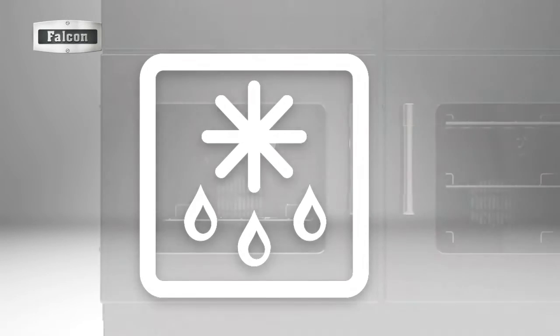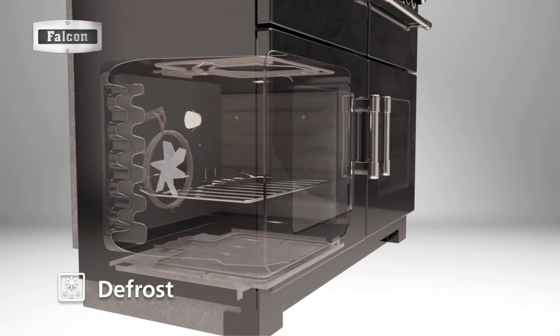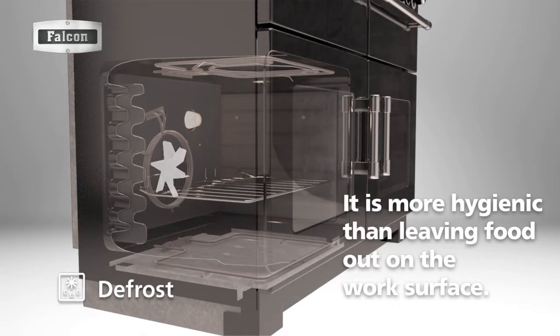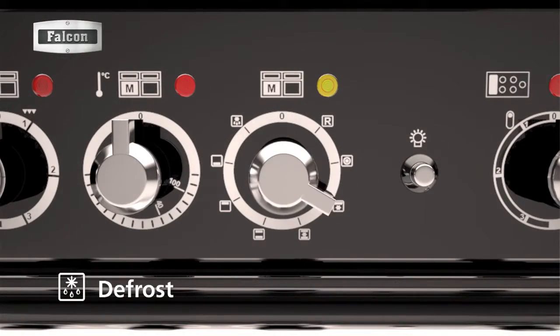The defrost function allows you to defrost food quicker than traditional thawing. It's perfect for defrosting frozen fruit, cakes, or small pieces of meat, and it is more hygienic than leaving food out on a work surface. Simply turn the function knob to the defrost icon.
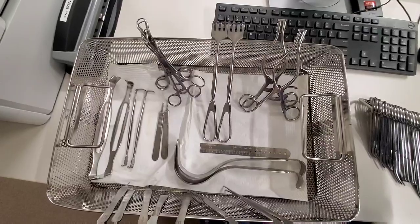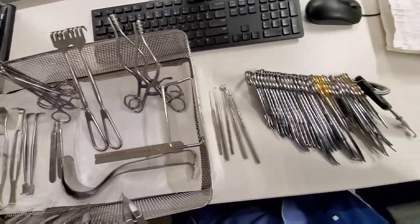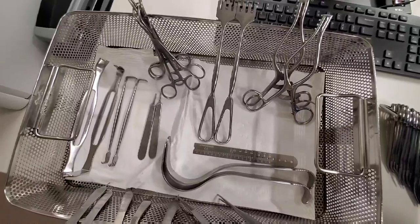Hi guys, in today's video I wanted to go over this plastic tray slash minor. I kind of broke it down just so you guys could see, and we're gonna go over each one of the instruments.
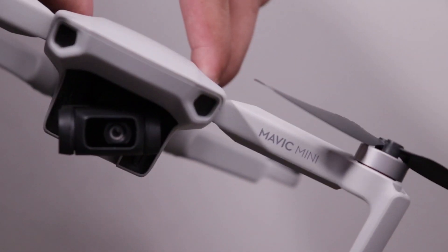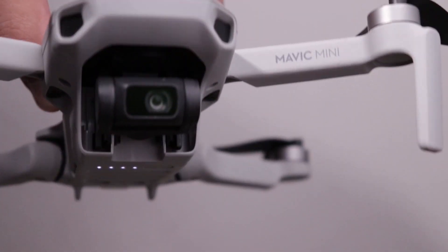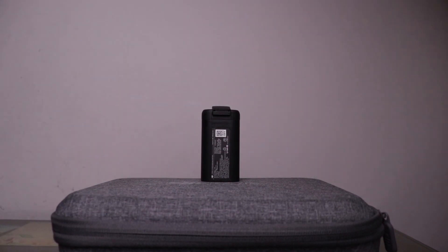If you talk about the stabilization of this camera, it is 3-axis stabilization. Now let's talk about the battery. The battery is 2400 mAh and the flight time is 30 minutes. If you change the modes during flight, it will be less than 30 minutes. If you only use positioning mode, then it will be 30 minutes.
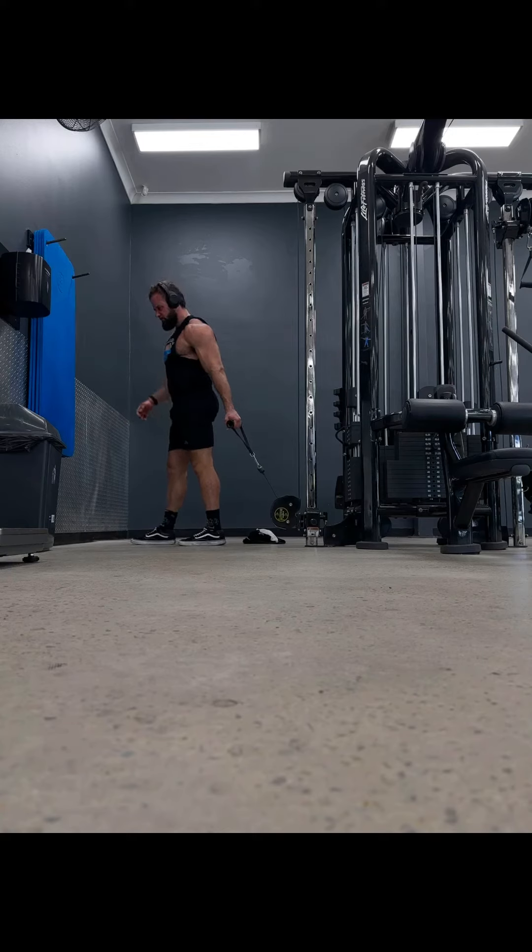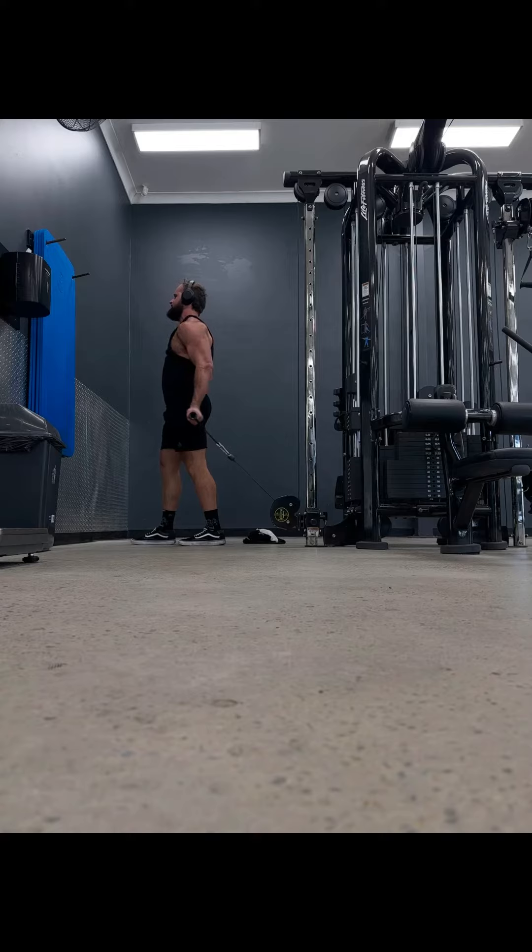This is the Facing Away Cable Bicep Curl. As you can see, I've got a cable machine with the cable at the very bottom. I've got my chest proud and I'm using the handle. I'm letting my arm come straight all the way back, keeping my chest proud and curling up.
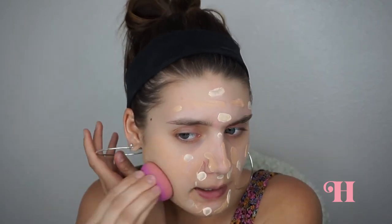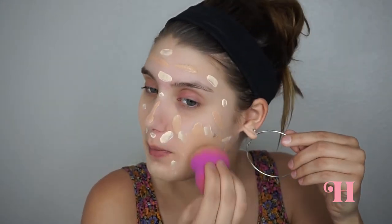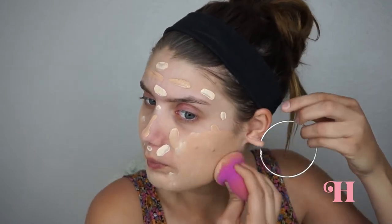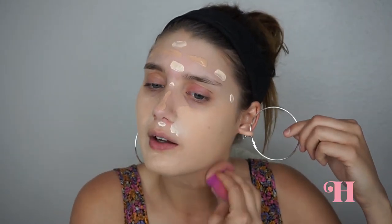Now I'm going to take my damp L'Oreal beauty sponge and blend everything together. I'm noticing it blends really well for a five-dollar foundation — I probably put too much, but it's definitely medium to full coverage. The color is matching pretty well to my neck. I added a little too much Porcelain but that's okay — we'll bronze and conceal in a bit and it'll all come together.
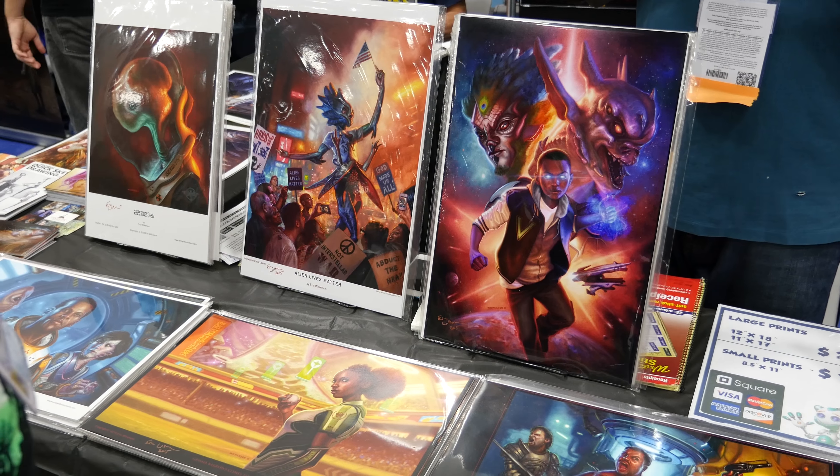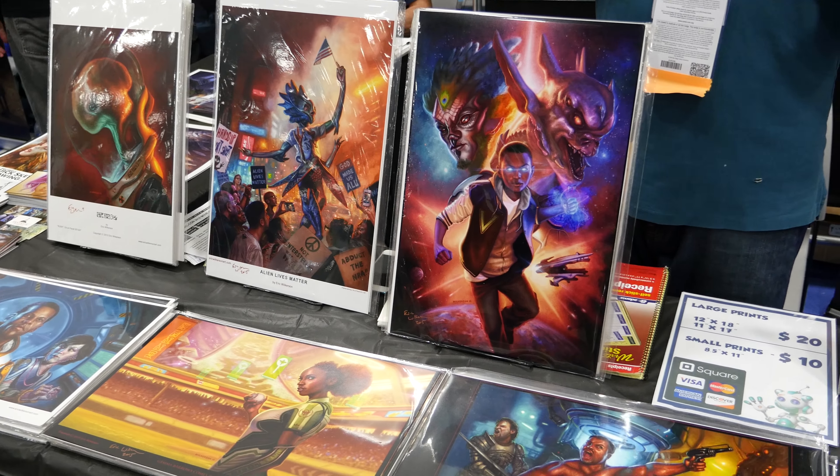I start off working out sketches for my work digitally, and then from there I get reference for my models. I'll sculpt maquettes for any alien designs or anything that doesn't exist, so I can see how light hits the form, and then I draw a full finished drawing for my digital painting.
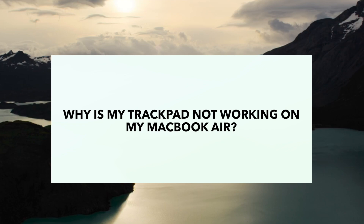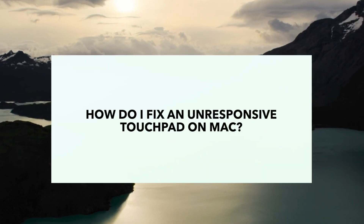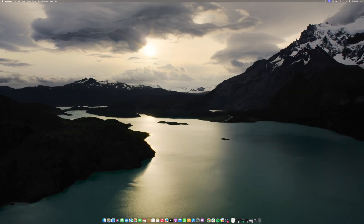The trackpad on your MacBook Air may become unresponsive for various reasons. It could be due to outdated software, incorrect system settings, peripheral interference, dust accumulation, or hardware failure. Before diving into technical fixes, ensure that you are using only one finger on the trackpad, as using more fingers might cause the pointer not to move due to certain trackpad settings.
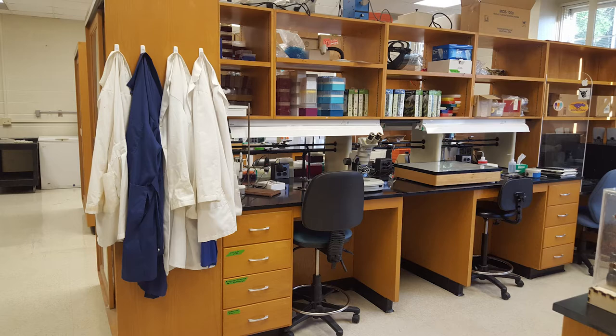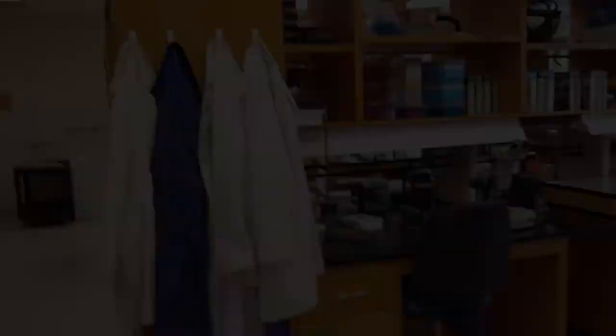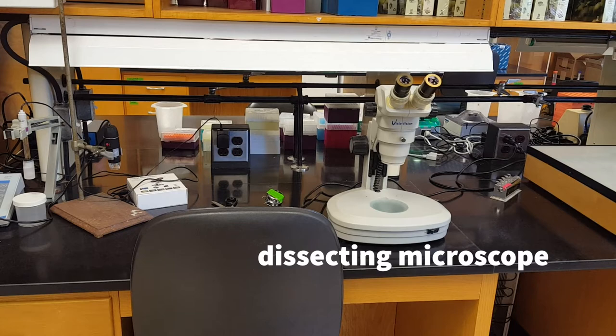Our main lab space is made up of several rows of lab benches, and each of these benches is set up with stations for the different kinds of work that we do. In this first row you can see our lab coats hanging up. Next to those we have a microscope workstation — a specific type called a dissecting scope, which allows us to take a closer look at large samples without having to prepare microscope slides.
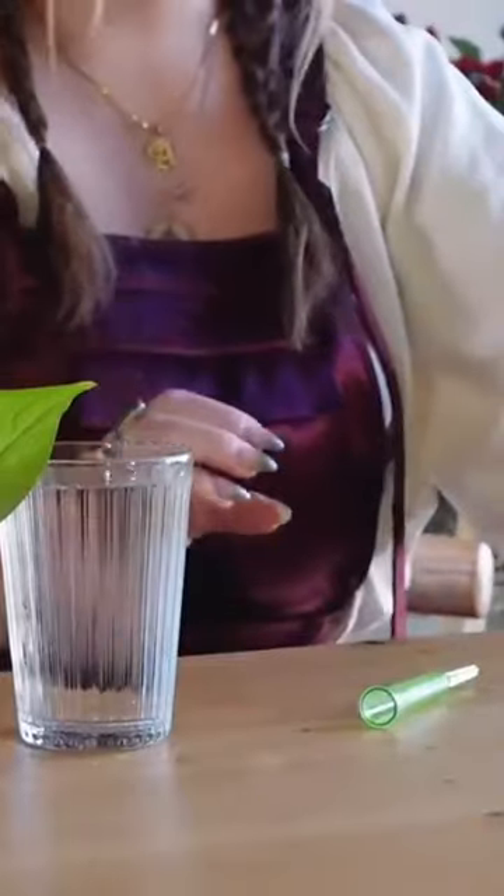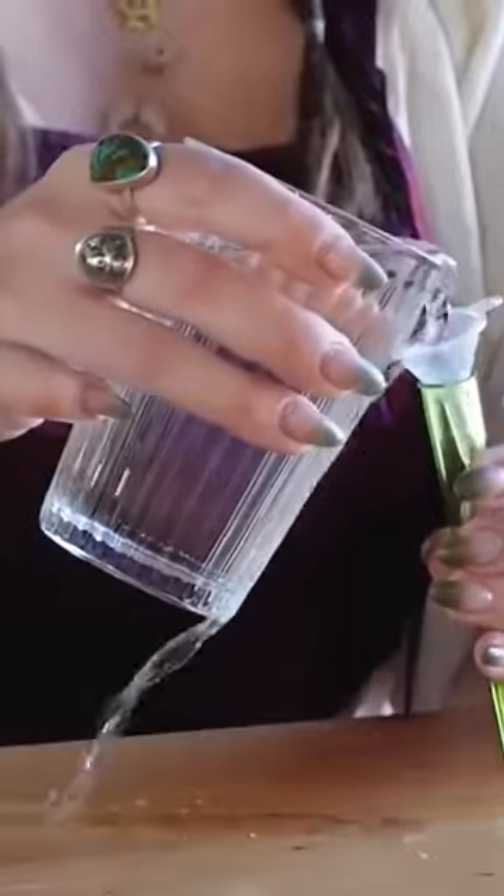I feel like this is going to go badly based on my pouring capabilities. Oh yeah.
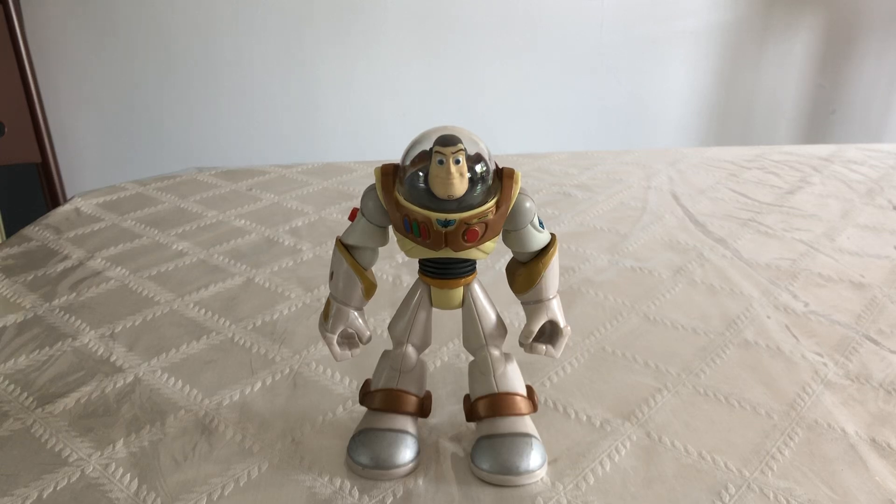Hi everybody, Danger Rock here. Today we're going to be looking at this Buzz Lightyear action figure made by Mattel in 2006.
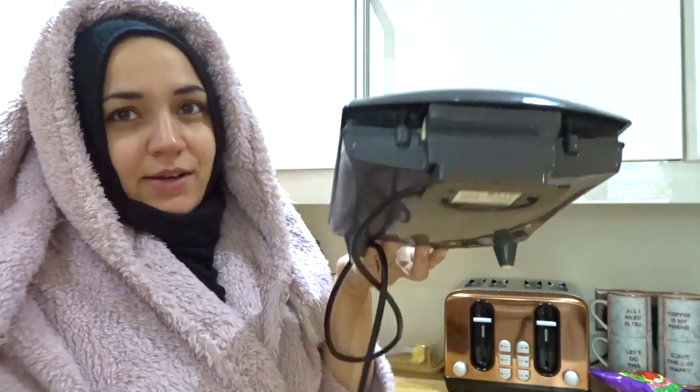Good morning everyone and welcome to another video. Today's video, as you can tell by the title, is a waffle recipe which I've never tried before, so I thought I'd test it out and see how good it is. It looks really easy, so I thought why not try this one, because it's always good to have an easy recipe that you can just go back to all the time. I've got my waffle machine down and I'm just going to preheat it because it takes a while to heat up.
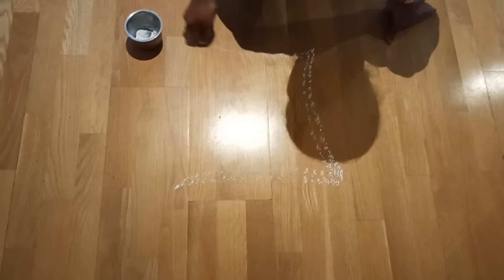First you have to make like this, like an arch. This is very easy rangoli. I am making in South Indian style because we are South Indian. And from here to here. I am not going to use any color, so this is plain rangoli.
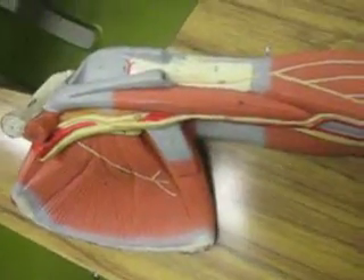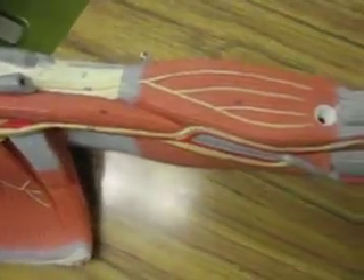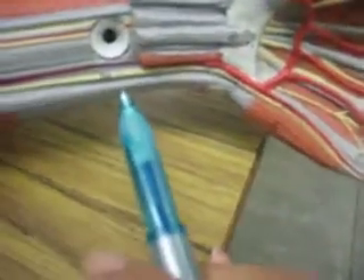This is the medial view of the left arm. On the medial side of the arm, we're going to look for the ulnar nerve, which is number 58, right down here towards the pinky. It leads to the pinky — ulnar.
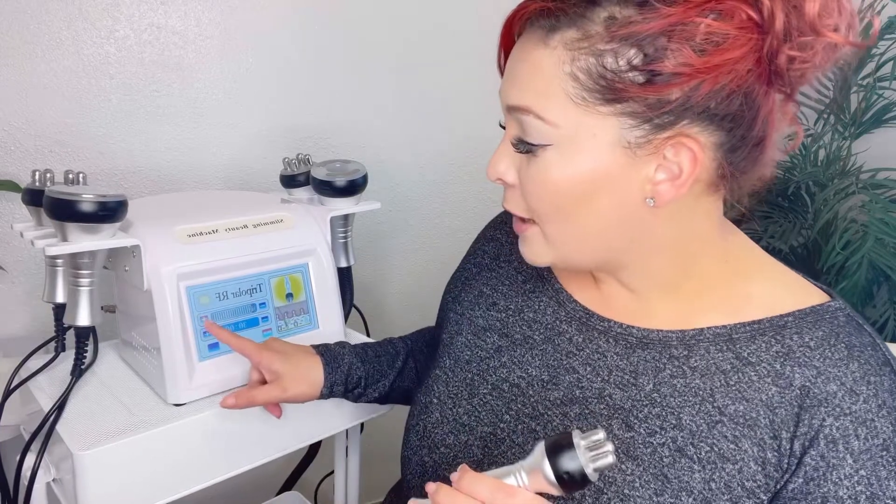Then you're going to put it on the tripolar setting. On most machines, this is labeled as the face RF probe; however, I do not use that for the face — it is much too big, in my opinion, to get into the crevices. I use my tripolar. Make sure it's on the tripolar setting and have the energy bar up to about halfway. If it's a new client and I'm not sure how well their skin takes heat, I'll leave it at about 50% and adjust from there. If they feel everything is totally okay and they hold the heat really well, you can always turn it up. Never leave it on too high for their skin.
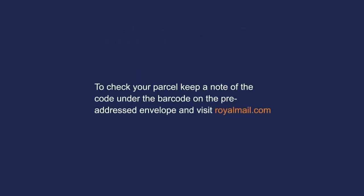To track your parcel, keep a note of the code under the barcode on the pre-addressed envelope and visit royalmail.com.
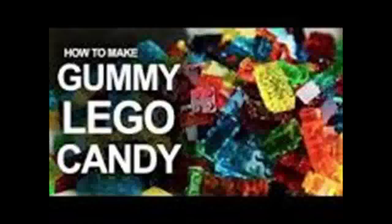Whether you're a foodie or a die-hard Lego fan, get ready to create the snack of your dreams. A new video shows exactly how to make Lego gummy candy that's actually stackable and edible.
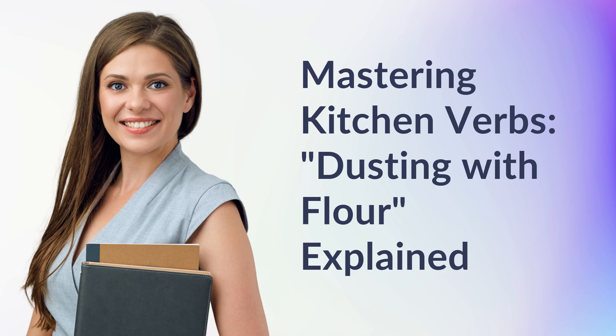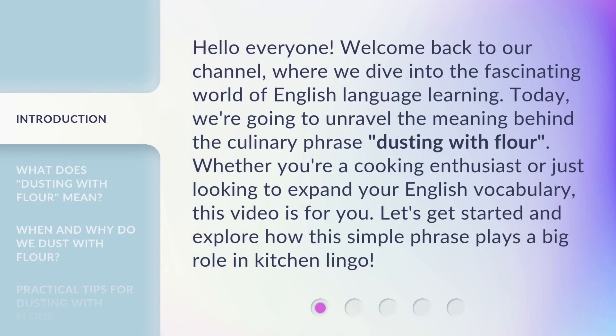Mastering Kitchen Verbs: Dusting with Flour Explained. Hello everyone, welcome back to our channel, where we dive into the fascinating world of English language learning. Today, we're going to unravel the meaning behind the culinary phrase, dusting with flour. Whether you're a cooking enthusiast or just looking to expand your English vocabulary, this video is for you. Let's get started and explore how this simple phrase plays a big role in kitchen lingo.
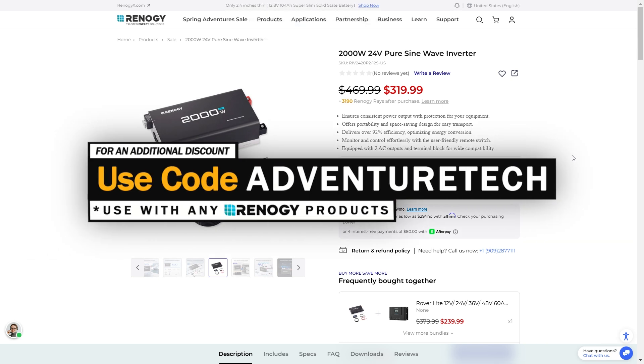If you're in a hurry and just looking for a discount, you can get an additional discount by using my promo code AdventureTech. Use the links in the comments or the description to get to this page right away, get a good deal, and help support my channel at the same time.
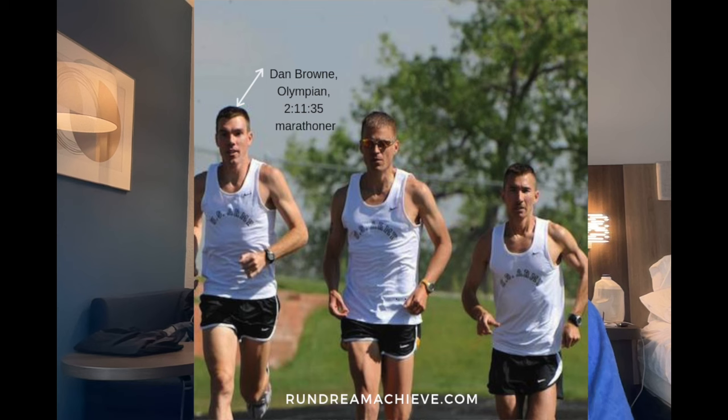I always welcomed the opportunity to train with guys like Dan Brown. Dan was a former member of the U.S. Army World Class Athlete Program, a two-time Olympian who ran the marathon in 2:11:35, ran very low 28 minutes for 10,000 meters, and broke four minutes for the mile at West Point — clearly a much better runner than I was. My time doing repeat thousands with him on Fort Carson, we did 8 x 1Ks at 6,000 feet, hitting 2:49 to 2:51 per K, alternating laps.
--*--
• What this task involves: Up to and including the line with "I start off", copy the data above from its first line. Skip pictures.

• Your solution:
The defrost function allows you to defrost food quicker than traditional thawing. It's perfect for defrosting frozen fruit, cakes, or small pieces of meat, and it is more hygienic than leaving food out on a work surface. Simply turn the function knob to the defrost icon.
Hi guys, in today's video I wanted to go over this plastic tray slash minor. I kind of broke it down just so you guys could see, and we're gonna go over each one of the instruments.
If you talk about the stabilization of this camera, it is 3-axis stabilization. Now let's talk about the battery. The battery is 2400 mAh and the flight time is 30 minutes. If you change the modes during flight, it will be less than 30 minutes. If you only use positioning mode, then it will be 30 minutes.
This is the Facing Away Cable Bicep Curl. As you can see, I've got a cable machine with the cable at the very bottom. I've got my chest proud and I'm using the handle. I'm letting my arm come straight all the way back, keeping my chest proud and curling up.
Now I'm going to take my damp L'Oreal beauty sponge and blend everything together. I'm noticing it blends really well for a five-dollar foundation — I probably put too much, but it's definitely medium to full coverage. The color is matching pretty well to my neck. I added a little too much Porcelain but that's okay — we'll bronze and conceal in a bit and it'll all come together.
I start off working out sketches for my work digitally, and then from there I get reference for my models. I'll sculpt maquettes for any alien designs or anything that doesn't exist, so I can see how light hits the form, and then I draw a full finished drawing for my digital painting.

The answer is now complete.